Compétition et solidarité entre éclopés

Alors tous s’emploient à avancer autant que possible, malgré les avaries qui sont désormais si nombreuses qu’on peine à les recenser. La dernière en date a touché à nouveau Louis Duc (Fives Group – Lantana Environnement), victime d’une rupture du bas hauban. Si le Normand a réussi à sécuriser son mât, il va « être contraint de lever le pied et réduire sensiblement sa voilure ». Toujours troisième des bateaux à dérive, il avait déjà perdu du terrain au passage des Açores, obligé de se mettre sous le vent d’une île pour une grimpée nocturne dans le mât et décrocher les lambeaux de son gennaker déchiré la veille…

Heureusement que même entre éclopés, l’adrénaline de la compétition peut toujours se réactiver ! « J’ai cette boule de stress au fond de l’estomac », raconte Pip Hare (Medallia), qui a ravi la 11e place à Clarisse Crémer (L’Occitane en Provence) au dernier classement. « Je crois que j’ai pris l’avantage sur Clarisse qui a un sacré bateau de dingue et ce serait tellement génial de rester devant elle, mais je suis aussi tellement inquiète de casser quelque chose ou de faire une bêtise », écrit la toujours si expressive Britannique. Avant de conclure, philosophe : « Ici, tout est puissant : le vent, la mer, et les émotions ».

Redoutables concurrents, les marins du Retour à La Base peuvent aussi se muer en fidèles compagnons, et se remonter le moral mutuellement. Si Violette Dorange (Devenir), 23e, avouait dans ses derniers messages « un petit coup de mou », elle remerciait ainsi François Guiffant (Partage), 29e, qui a eu la délicate attention de lui envoyer un petit message pour prendre des nouvelles… « Il m’a dit une phrase que j’essaie de garder en tête : Faire une transat’ ce n’est pas anodin et c’est un beau challenge ! » écrit la benjamine de la course qui, malgré ses soucis techniques nombreux, aura décidément montré qu’aux âmes bien nées, la valeur n’attend point le nombre des années.

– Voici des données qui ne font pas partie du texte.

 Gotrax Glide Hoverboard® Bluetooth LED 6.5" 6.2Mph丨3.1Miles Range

L’imaginaire tourne à plein

Longs, les jours ont dû aussi l’être pour Fabrice Amedeo (Nexans – Art & Fenêtres), privé de connexion Internet depuis cinq jours. « Une cure de désintoxication sans précédent pour moi », raconte le skipper, actuellement en 26e position, qui a reconnu en avoir modifié sa trajectoire. « J’ai fait route 4G vers les Açores, pour pouvoir récupérer des fichiers météo », explique-t-il, profitant de ce réseau pour envoyer une petite vidéo de « l’intérieur de sa batmobile ». A trop passer de temps tout seul, on fait au moins travailler son imaginaire !

D’imagination, le fantasque navigateur Benjamin Ferré (Monnoyeur-Duo For a Job) n’en manque assurément pas. Treizième et en tête des bateaux à dérives, il prend le temps de partager son astuce vaisselle, qui consiste à laisser sa casserole sur le pont qui, à l’approche du Cap Finisterre, n’en finit effectivement pas d’être lavée par les paquets de mer… Efficace !

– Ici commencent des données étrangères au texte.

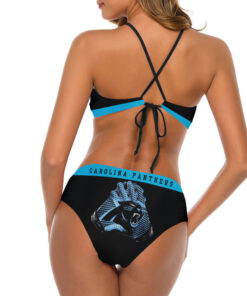 Carolina Panthers Women’s Cami Keyhole One-piece Swimsuit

Tout comme le sillage bien tendu de Tanguy Le Turquais (Lazare), qui parti bon 31e, continue de remonter la flotte jusqu’à occuper actuellement la 22e place au classement. « Ça a été la pire nuit que j’ai pu passer sur le bateau depuis que je navigue dessus, reconnaissait toutefois le Lorientais, qui se rapproche des fonds du plateau continental entre les Açores et la péninsule ibérique. La mer est catastrophique, ça a secoué le bateau dans tous les sens, il y avait beaucoup de vent, j’ai eu très peur de casser quelque chose. Mais j’ai fait un mini contrôle ce matin et tout a l’air d’être en ordre donc c’est chouette ! »

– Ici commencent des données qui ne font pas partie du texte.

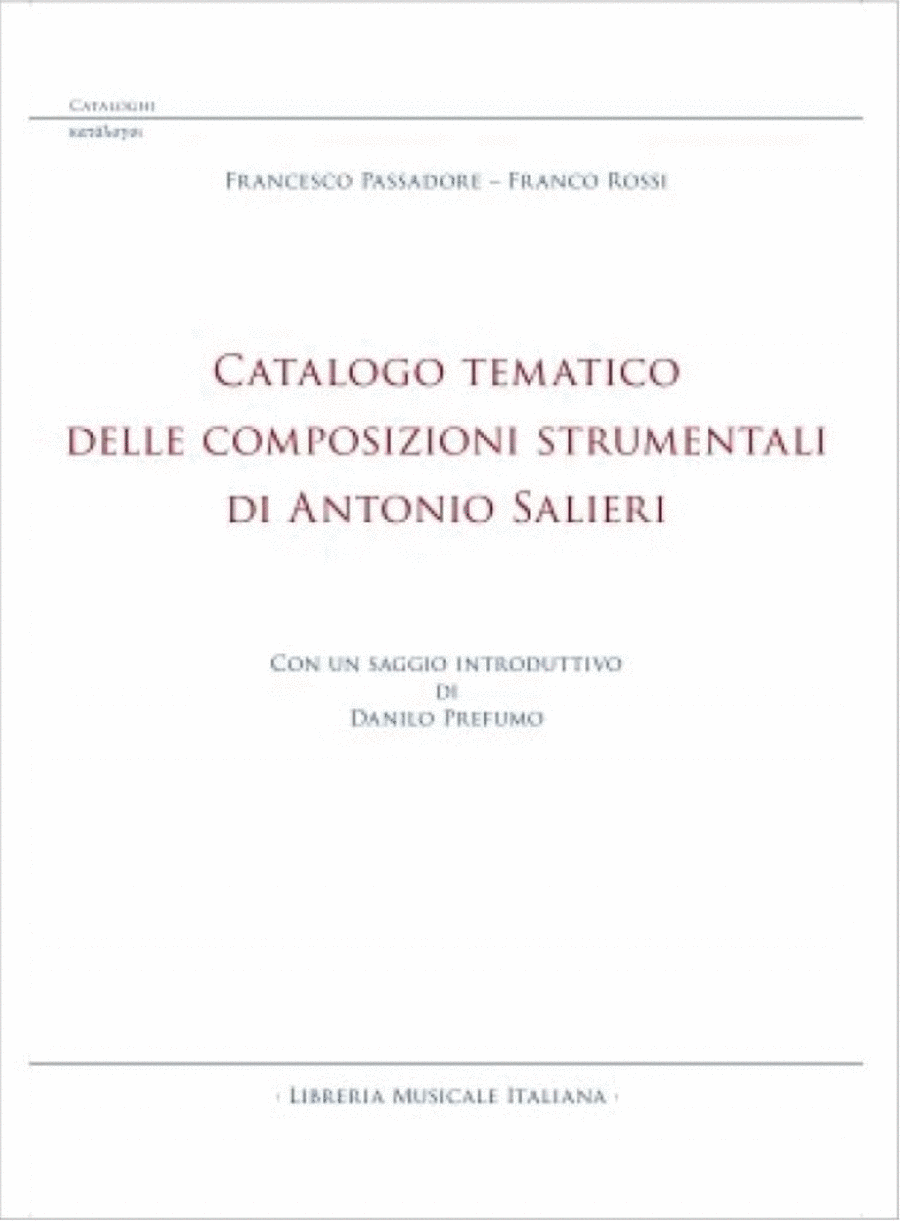 Cataloge Tematico School and Community scores gallery preview page 1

Souhaitons la même réussite à Isabelle Joschke (MACSF), attendue sur la ligne d’arrivée lundi matin à Lorient. « Les derniers jours sont les plus intenses », confirmait la navigatrice, qui tente de maintenir sa très belle 9e place. « Je vais tâcher de prendre un maximum de repos aujourd’hui pour avoir de l’énergie encore à la fin, quand il faudra redoubler de prudence ». A ses trousses, Romain Attanasio (Fortinet – Best Western) s’est offert son premier café pour tenter, qui sait, de montrer qu’en course au large, les dés ne sont jamais jetés avant la ligne d’arrivée.